Jak skrupulatnie wyliczyła włoska prasa, Agca podał w sumie 107 różnych wersji wydarzeń z 13 maja 1981 roku. Jednak mimo licznych wypowiedzi, a także zachowań wskazujących na poważne zaburzenia psychiczne, Agca nadal może liczyć na ogromne zainteresowanie światowych mediów.
Choć nie brak i takich, którzy twierdzą, że Turek jest świetnym aktorem, który w obawie o własne życie robił i robi wszystko, by całkowicie utracić wiarygodność. W ten bowiem sposób nie stanowiłby już zagrożenia dla prawdziwych zleceniodawców zamachu na papieża i zachowałby życie.

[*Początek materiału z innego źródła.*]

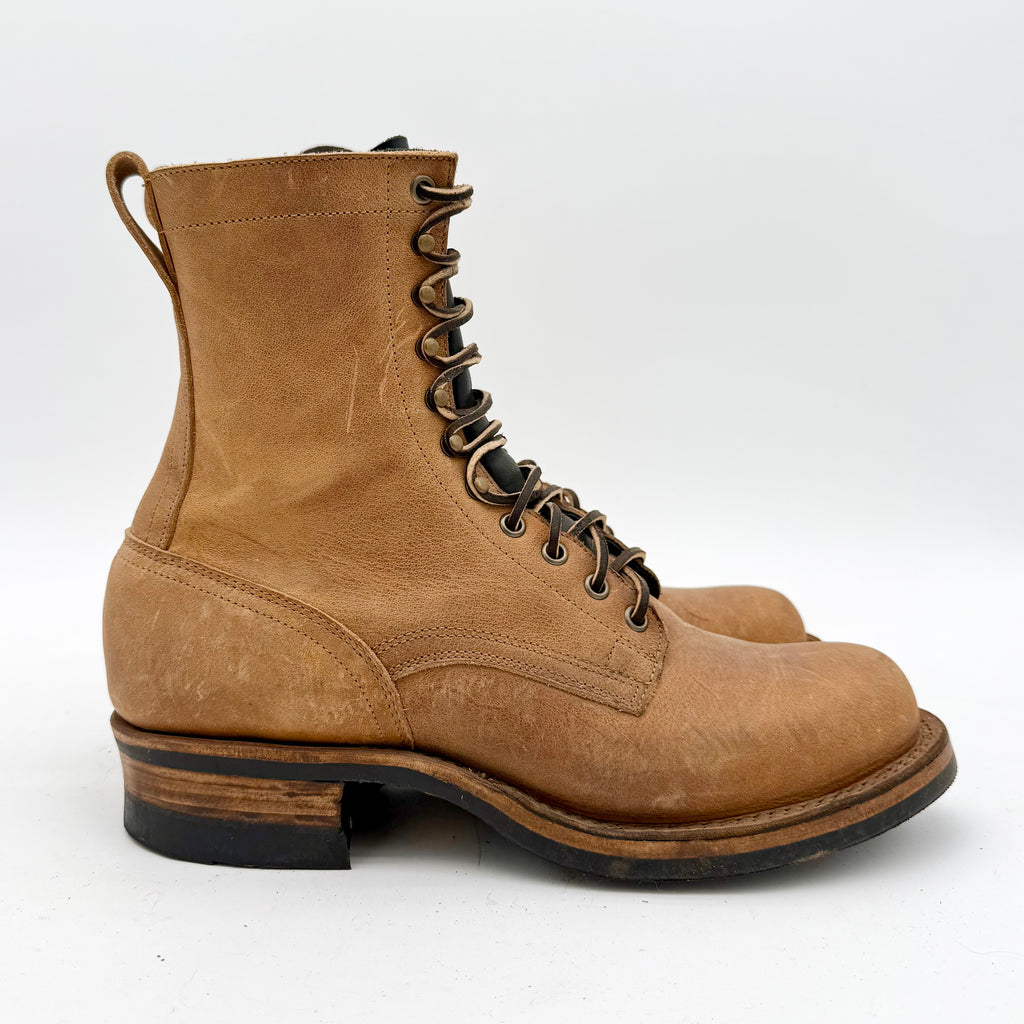 Pair of brown leather boots on a white background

O tym, że 27 grudnia pojawi się w Watykanie – w 31. rocznicę wizyty, którą złożył mu w celi w rzymskim więzieniu Rebibbia Jan Paweł II – Agca powiadomił włoskie media. Efektem były wywiady telewizyjne. Na zdjęciach w prasie Agca pozował na placu św. Piotra z bukietem białych róż, które później złożył na grobie polskiego papieża. Jak powiedział, tym gestem i modlitwą u grobu chciałby wyrazić wdzięczność Janowi Pawłowi II za to, że ten mu wybaczył, i równocześnie złożyć hołd „swemu duchowemu bratu".

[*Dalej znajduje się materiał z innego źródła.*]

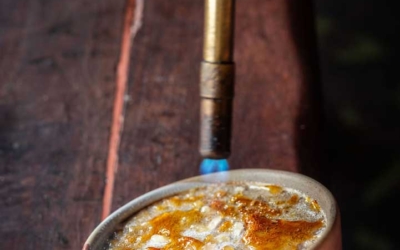 Settlers_Tavern_Food_OBJ887439 A culinary torch caramelizes sugar on a crème brûlée in a small dish on a wooden table.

Turek tym razem wyjaśniał, że zamach na polskiego papieża był dopełnieniem trzeciej tajemnicy fatimskiej (Matka Boska objawiła się w Fatimie trojgu dzieciom pastuszkom, przepowiadając śmierć papieża w zamachu). Jednocześnie przedstawiał się jako narzędzie w ręku Boga i cudu – bo papież nie zginął.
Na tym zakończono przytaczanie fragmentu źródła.